Nur allzu gerne hätte ich auch in diesem Jahr an einem Ostermarsch teilgenommen und bereits die Mobilisierung unterstützt. Solange die Bundeswehr nicht aufhört, Krieg zu führen, solange Deutschland Waffen in alle Welt liefert, bleibt es notwendig, dagegen auf die Straße zu gehen. Für den Fall, dass sich die Bekämpfung der Pandemie noch über eine längere Zeit hinzieht, muss auch die Versammlungsfreiheit wieder hergestellt werden, unter Beachtung einschlägiger Schutzmaßnahmen.
Aber nicht nur unter diesem Gesichtspunkt geht die Corona-Pandemie auch die Friedensbewegung etwas an.
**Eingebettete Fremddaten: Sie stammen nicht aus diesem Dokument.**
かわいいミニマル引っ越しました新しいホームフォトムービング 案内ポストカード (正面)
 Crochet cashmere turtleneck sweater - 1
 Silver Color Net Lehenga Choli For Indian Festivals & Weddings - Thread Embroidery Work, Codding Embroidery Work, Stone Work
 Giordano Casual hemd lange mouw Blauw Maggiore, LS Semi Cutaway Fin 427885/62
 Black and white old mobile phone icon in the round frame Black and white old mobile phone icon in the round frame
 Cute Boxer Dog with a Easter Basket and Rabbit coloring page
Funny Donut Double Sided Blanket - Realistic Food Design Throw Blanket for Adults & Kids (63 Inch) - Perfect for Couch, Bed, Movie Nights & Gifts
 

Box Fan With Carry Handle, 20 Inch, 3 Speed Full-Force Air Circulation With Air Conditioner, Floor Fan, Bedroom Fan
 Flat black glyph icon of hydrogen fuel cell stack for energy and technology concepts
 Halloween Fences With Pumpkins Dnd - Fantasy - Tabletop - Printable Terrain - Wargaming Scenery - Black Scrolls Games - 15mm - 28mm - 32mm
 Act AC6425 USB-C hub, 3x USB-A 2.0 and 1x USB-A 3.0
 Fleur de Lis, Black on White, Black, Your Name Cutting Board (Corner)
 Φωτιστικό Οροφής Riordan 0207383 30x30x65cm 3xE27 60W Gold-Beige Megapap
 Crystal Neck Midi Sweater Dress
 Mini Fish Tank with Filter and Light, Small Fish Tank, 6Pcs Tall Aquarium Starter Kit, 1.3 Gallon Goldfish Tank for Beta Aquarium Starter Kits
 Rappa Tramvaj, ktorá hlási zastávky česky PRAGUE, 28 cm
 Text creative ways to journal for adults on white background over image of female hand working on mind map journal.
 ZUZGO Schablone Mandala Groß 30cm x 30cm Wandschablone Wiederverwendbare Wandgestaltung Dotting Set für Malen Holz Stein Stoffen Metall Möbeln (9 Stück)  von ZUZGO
Wir erleben derzeit, wie die Forderung nach Inlandseinsätzen der Bundeswehr wieder laut wird. Dabei ist es schon schlimm genug, dass der zivile Katastrophenschutz so schlecht ausgestattet ist und der Gesundheitsbereich so zurückgespart wurde, dass bereits jetzt die Bundeswehr zu einfacher Amtshilfe gerufen wird. Hier gilt es, endlich umzukehren: Das Geld muss dorthin, wo es gebraucht wird, und das ist nicht das Militär, sondern der zivile Bereich.
Noch bedrohlicher ist aber die Tendenz, jetzt auch nach bewaffneten Inlandseinsätzen zu rufen, wie sie aus verschiedenen Ländern bzw. Kommunen laut werden. Die Bundeswehr hat bereits 5500 Soldaten mobilisiert, um „bei Bedarf“ bewaffnete, polizeiähnliche Aufgaben im Inland durchzuführen. Unterstützt werden sie insbesondere von Politikerinnen und Politikern der Union. Der baden-württembergische Innenminister will Soldaten als Wachschutz vor Polizeigebäuden aufstellen, ein bayerischer Landkreis will ein THW-Depot von der Bundeswehr bewachen lassen, und vereinzelt wird auch danach gerufen, etwa die Unterkünfte von Flüchtlingen unter Bundeswehr-„Schutz“ zu stellen. Auch die Rufe nach einer „Anpassung“ des Grundgesetzes fehlen nicht.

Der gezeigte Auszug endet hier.